Spam, or unsolicited commercial e-mail (UCE) as it is sometimes called, is the scourge of the Internet. Spam has increased relentlessly over the last ten years and now accounts for over half of all Internet bandwidth. One in six consumers have acted on spam e-mails, so there is a strong business case for keeping spam out of your users’ inboxes. There are a variety of different spam solutions, ranging from outsourcing your spam entirely to no action at all. However, if you have your own e-mail server, you can add spam filtering very easily.
SpamAssassin is a very popular open source anti-spam tool. It won a Linux New Media Award-2006 as the “Best Linux-based Anti-spam Solution”, and is considered by many to be the best free, open source, anti-spam tool, and better than many commercial products.

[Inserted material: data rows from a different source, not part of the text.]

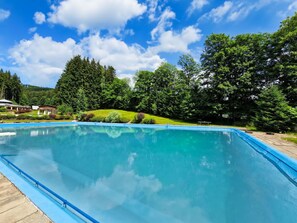 Wasser, Wolke, Himmel, Pflanze, Schwimmbad, Blau, Baum, Schatten, Haus, Verbundwerkstoff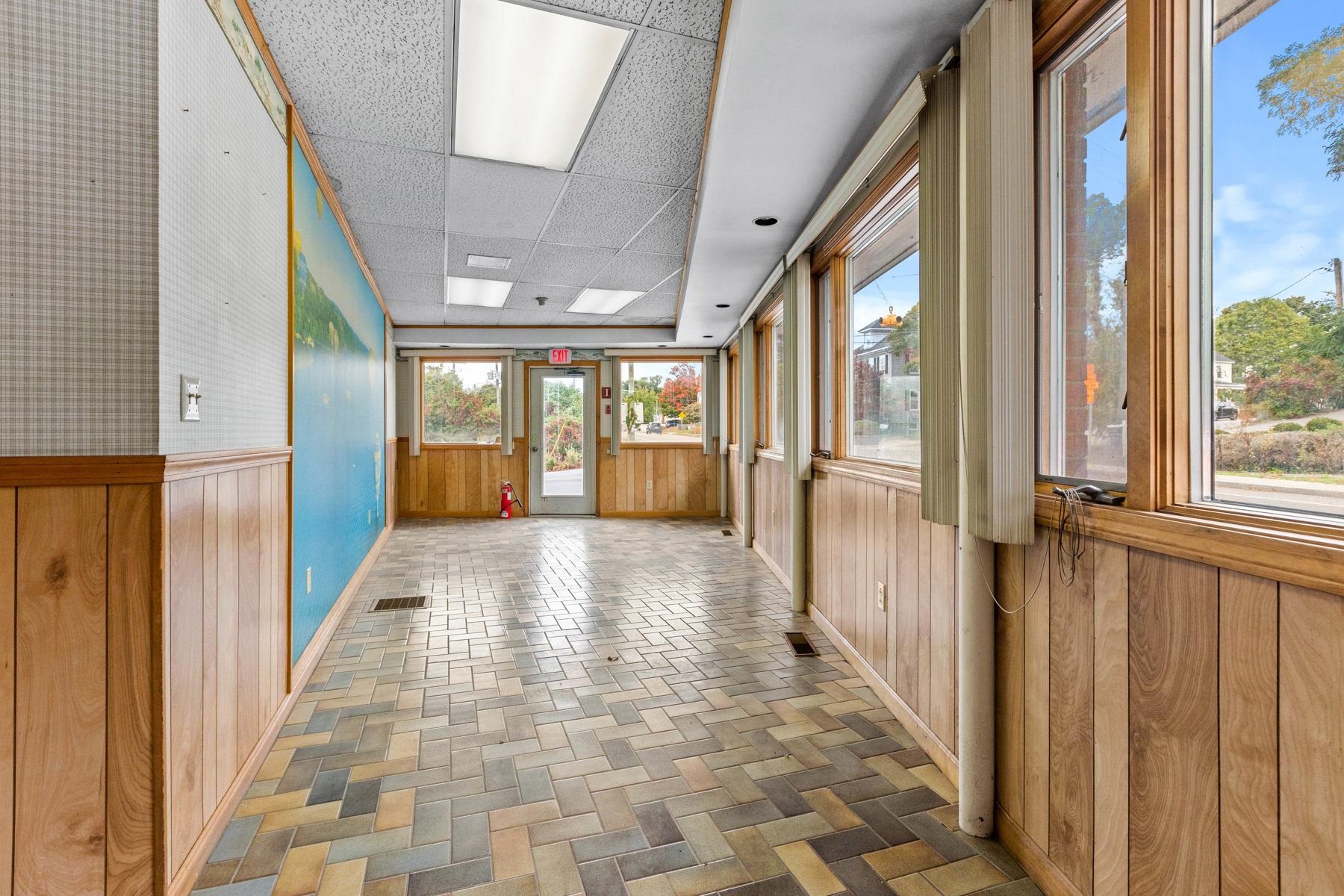 500 Maplewood Avenue Property Photo 10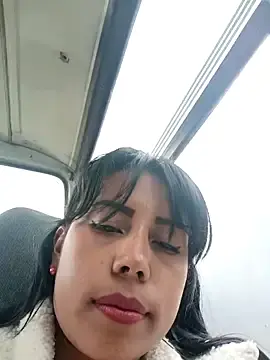 Stripchat Best Webcam of _andrea30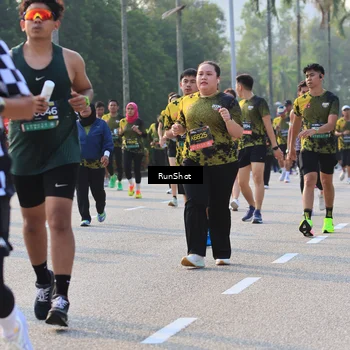 Runner Photo 6997517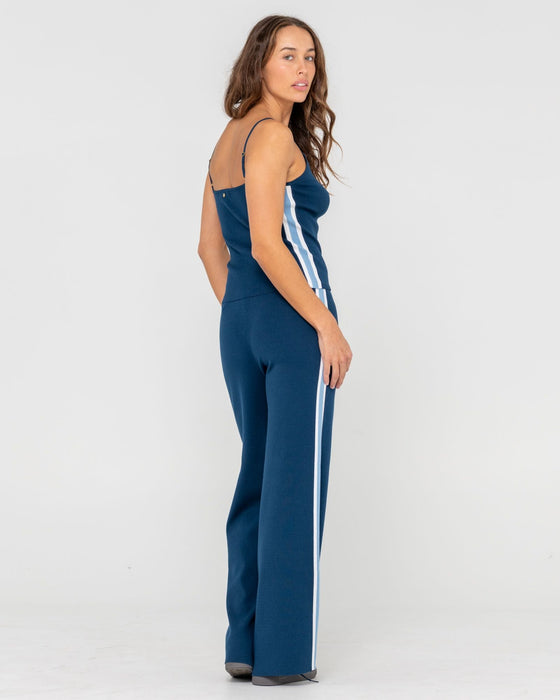 woman-wearing-amelia-stripe-wide-leg-pant-in-atlantic-blue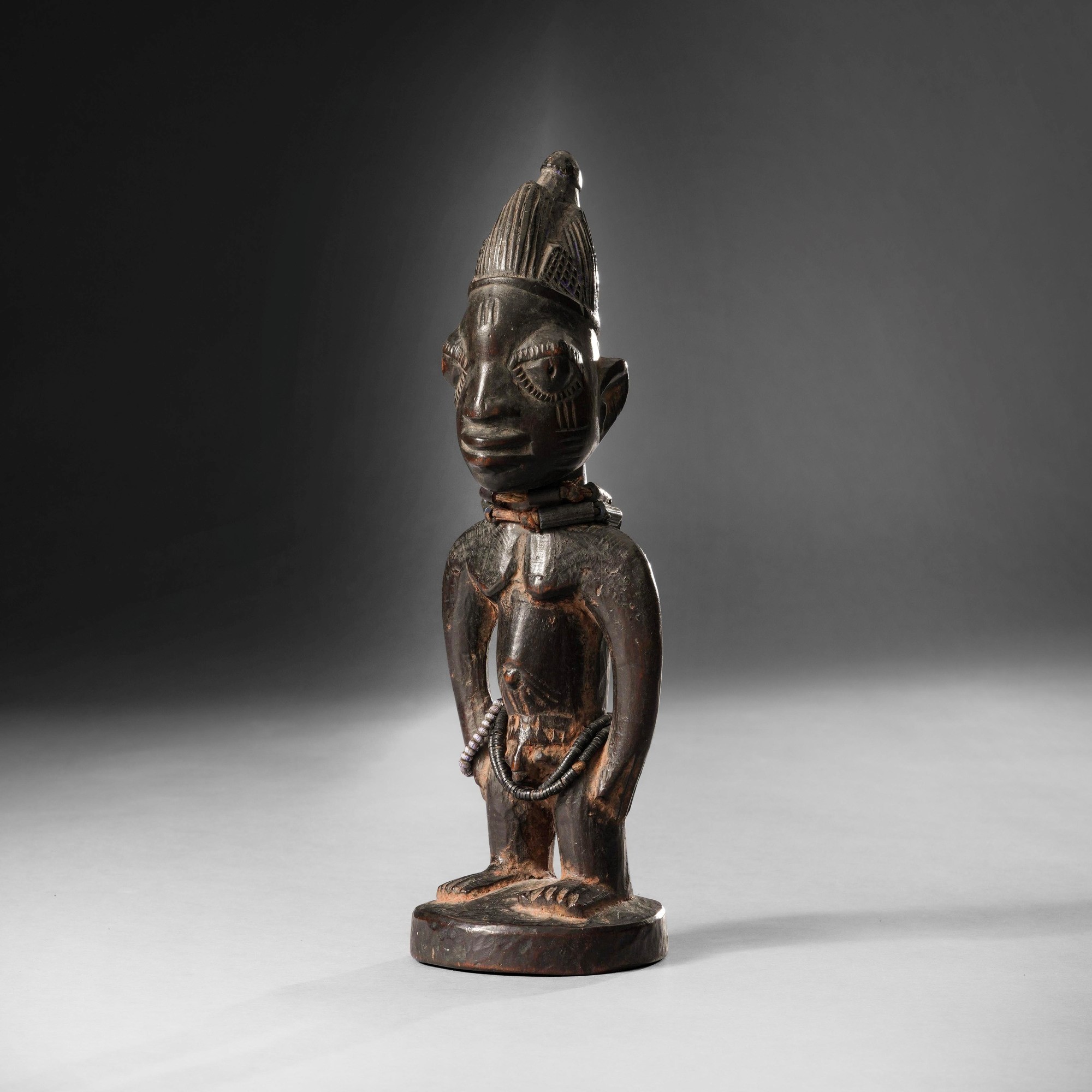 Yoruba, Nigeria, Statua Ibedji in legno a patina scura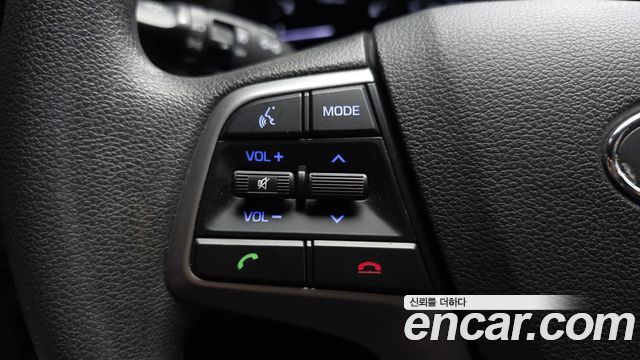 Hyundai AVANTE 2018 — photo 28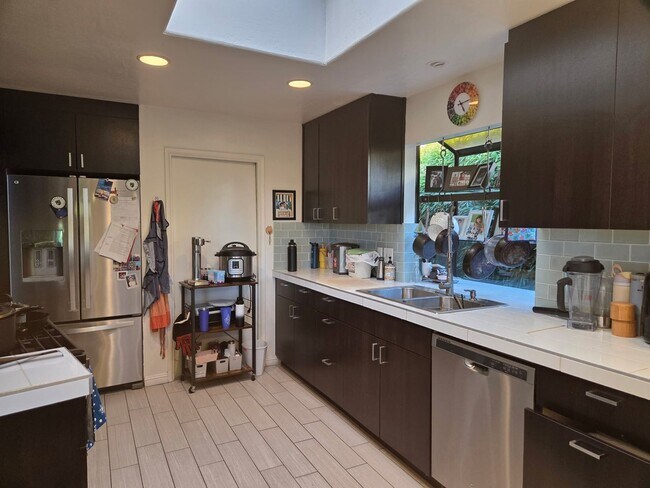 Building Photo - Wonderful Mid Century Home available for lease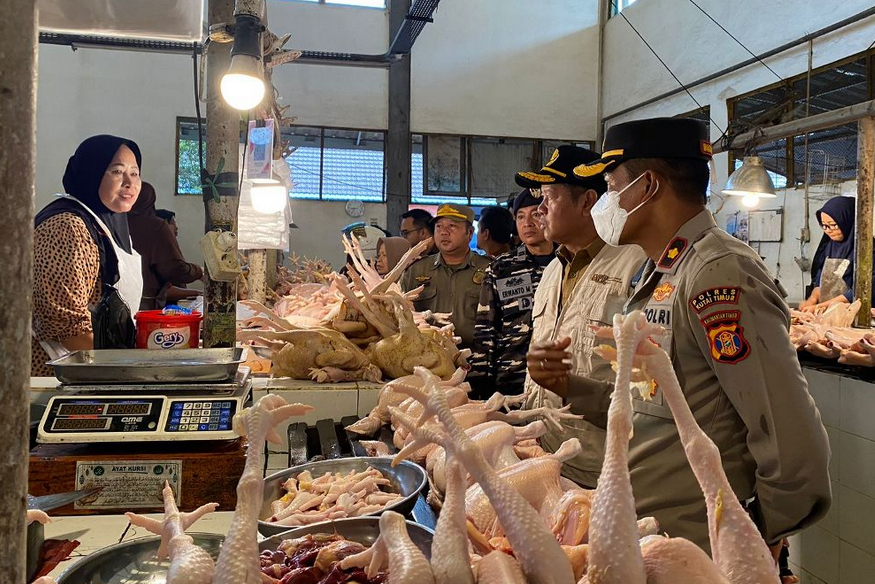 Ahead of Eid al-Adha, Kutai Timur Traditional Market Undergoes Spot Check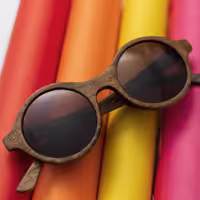 عینک آلفِرِدو ، ساخته شده با چوب گردو  (Narsis)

In fact, several commercial products and services are based on SpamAssassin or previous versions of it.
Why filter e-mail
If you don’t receive any spam, there may be no need to filter spam. However, once one spam message has been received, it is invariably followed by many more. Spammers can sometimes detect if a spam e-mail is viewed, using techniques such as Web bugs, which are tiny images in HTML e-mails that are fetched from web servers, and then know that an e-mail address is valid and vulnerable. If spam is filtered, the initial e-mail may never get seen, and consequently the spammer may not then target the e-mail address with further spam.
Despite legal efforts against spam, it is actually on the increase. In Europe and the US, the recent legislation against spam (Directive 2002/58/EC and bill number S.877 respectively) has had little effect and spam is still on the increase in both regions.
The main reason for this is that spam is a very good business model. It is very cheap to send spam, as little as one thousandth of a cent per e-mail, and it takes a very low hit rate before a profit is made. The spammer needs to turn just one spam in a hundred thousand or so into a sale to make a profit. As a result, there are many spammers and spam is used to promote a wide range of goods. Spamming costs are also negligible due to use of malware that uses innocent computers to send spam on their behalf.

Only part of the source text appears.